The magnified photo below shows the same circuitry on the two dies. There is an exact correspondence between components in the two images, showing the circuitry was reduced in size, not redesigned. (These photos show the metal layer on top of the chip; some polysilicon is visible in the right photo.)

The same region of the two dies at the same scale.

However, there are significant differences around the edges of the dies. The bond pads around the outside are closer together, especially in the bottom right. There are two reasons for this. First, the bond pads can’t shrink very much, since they need to be large enough to attach bond wires.

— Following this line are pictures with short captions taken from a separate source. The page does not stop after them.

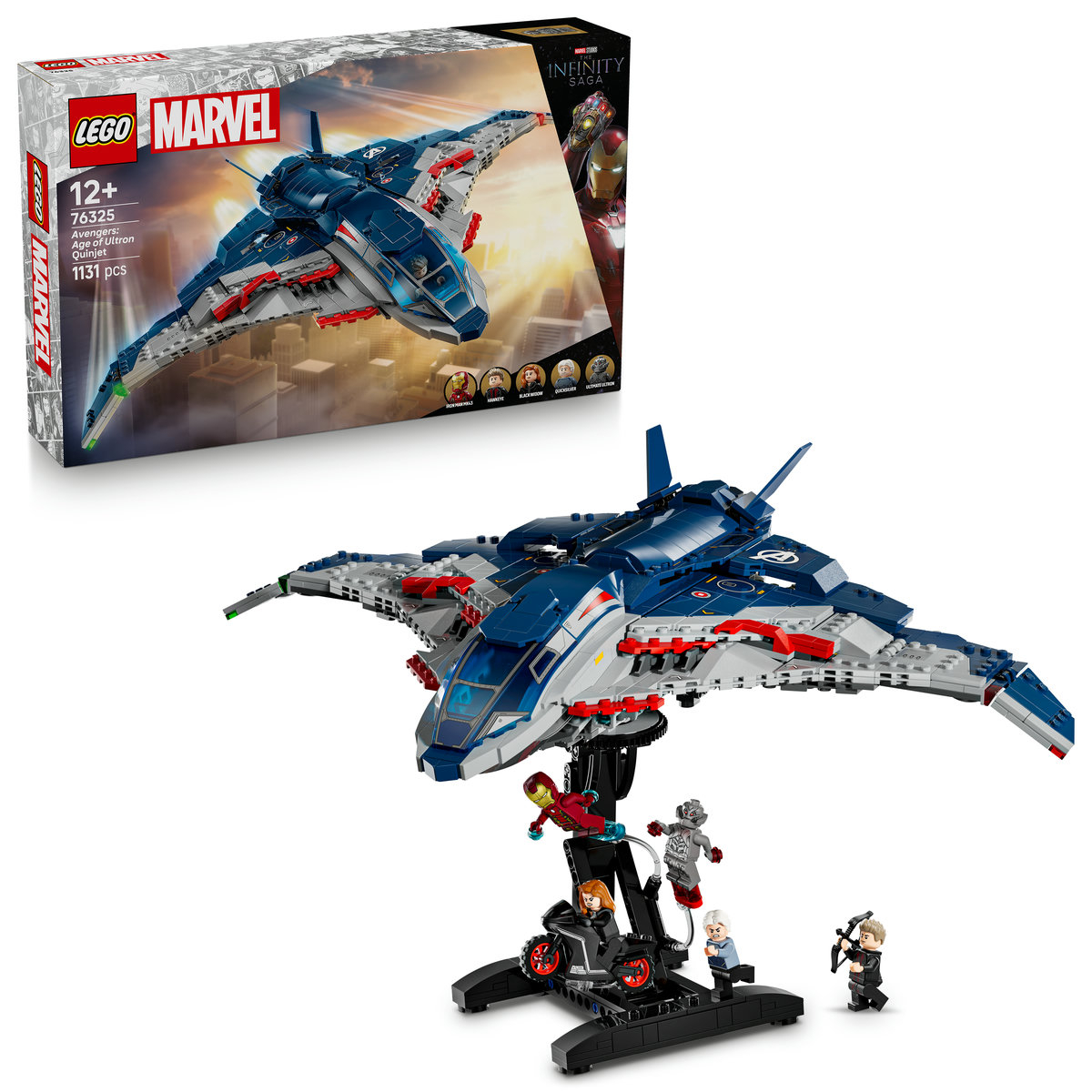 Quinjet din Razbunatorii: Sub semnul lui Ultron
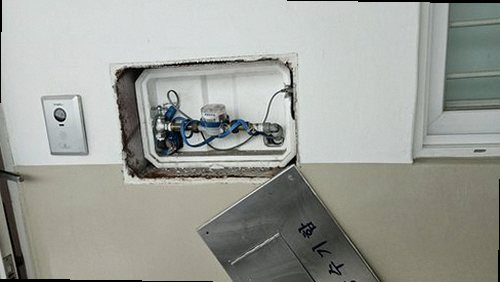 남양주 누수탐지 와부읍 단독주택 2층 창가 시공 후기 사진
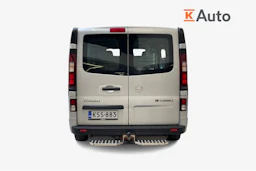 harmaa Opel Vivaro 2017 kuva 3.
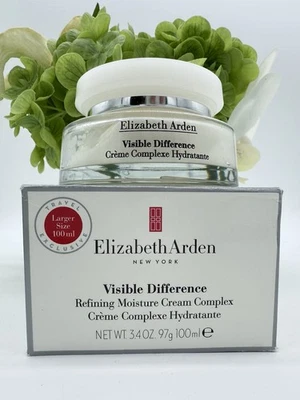 Elizabeth Arden Visible Difference Refining Moisture Cream Larger Sz 3.4oz - Image 1 of 2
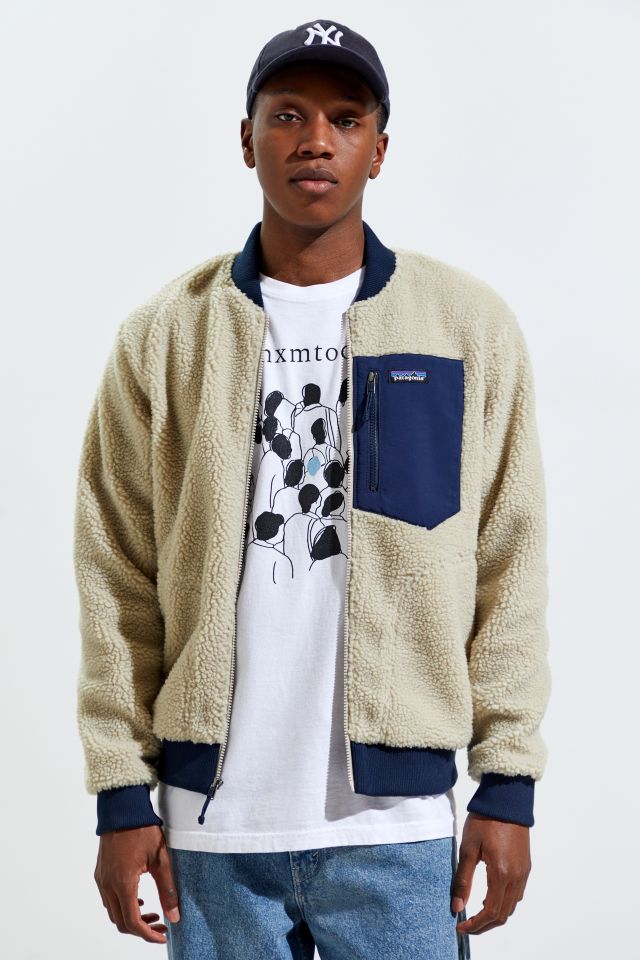 Patagonia Retro-X Fleece Bomber Jacket | Urban Outfitters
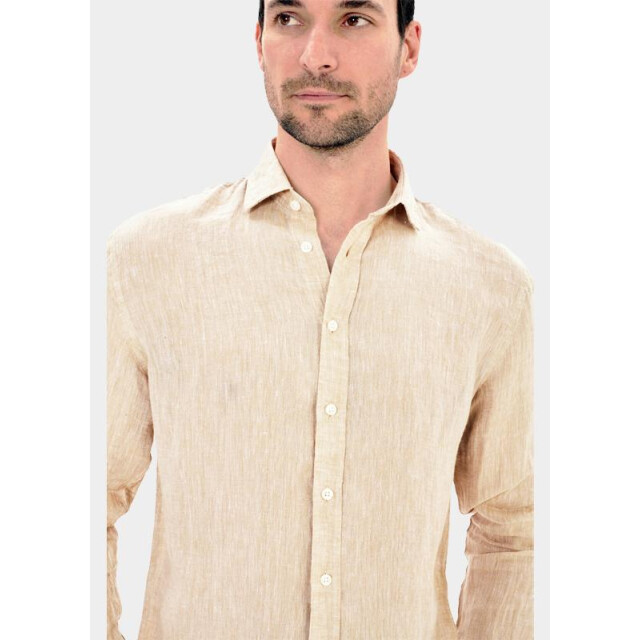 Blue Coast Overhemd heren 100% linnen, regular fit 118l/0003 207593 large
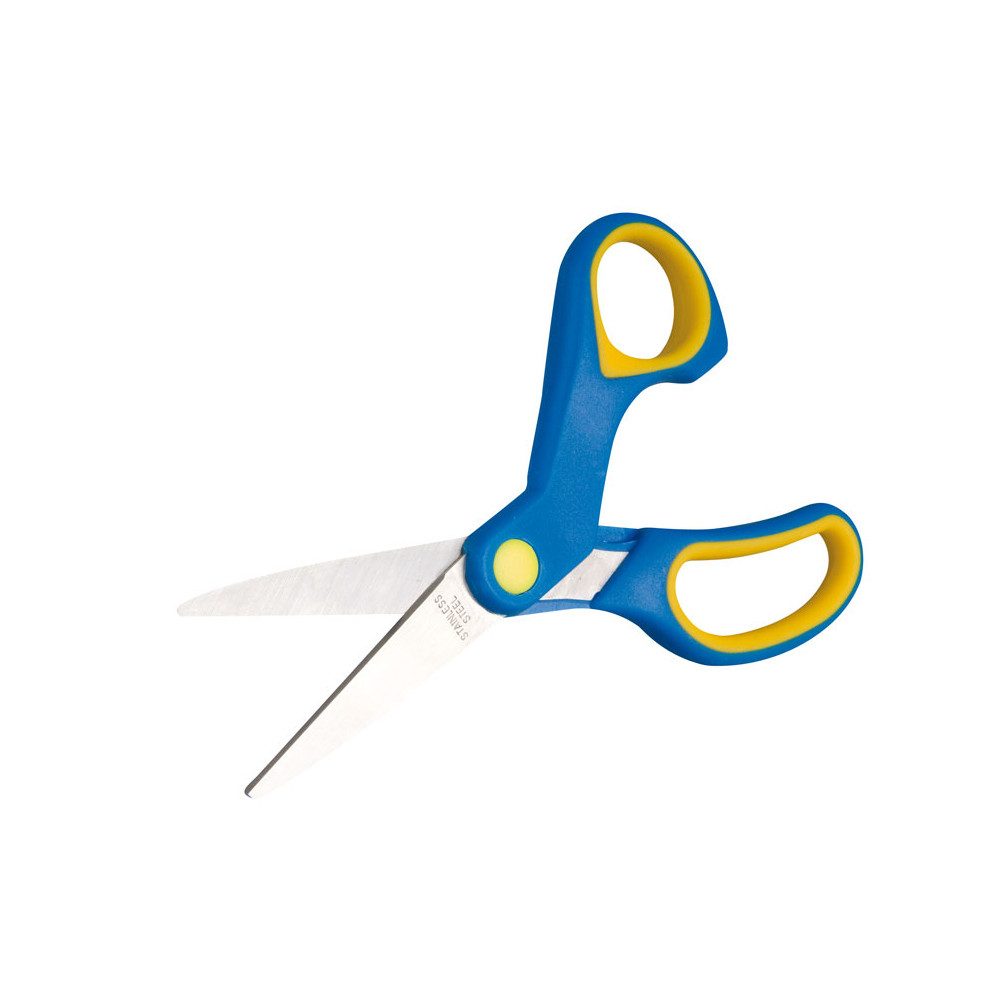 MICA Papierscheren Kinderschere mit Softgriff - 1 Stück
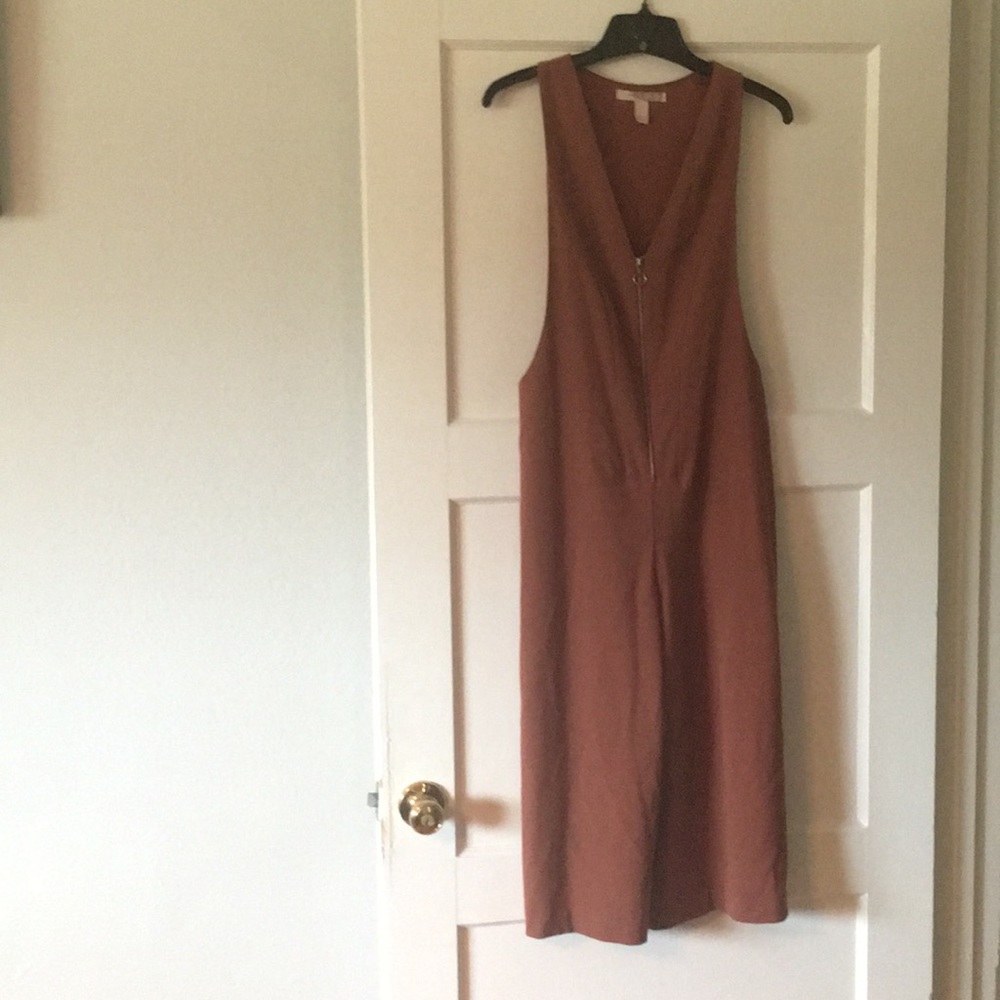 Wide let Capri Jumpsuit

Second, the power distribution traces around the edges are wider in order to support the necessary current. (Look to the right of the microcode ROM in the lower right, for instance.) Part of this is because the power traces in the middle of the circuitry were scaled down with the rest of the circuitry, so they are smaller; the outside traces need to pick up the slack. In addition, the thinner metal layer in the newer chip can’t support as much current without being widened.

A bond pad and associated transistors, comparing the old chip (left) and new chip (right). In the copyright date, the top of the “6” is strangely flat; it looks like they changed a “1985” to “1986”.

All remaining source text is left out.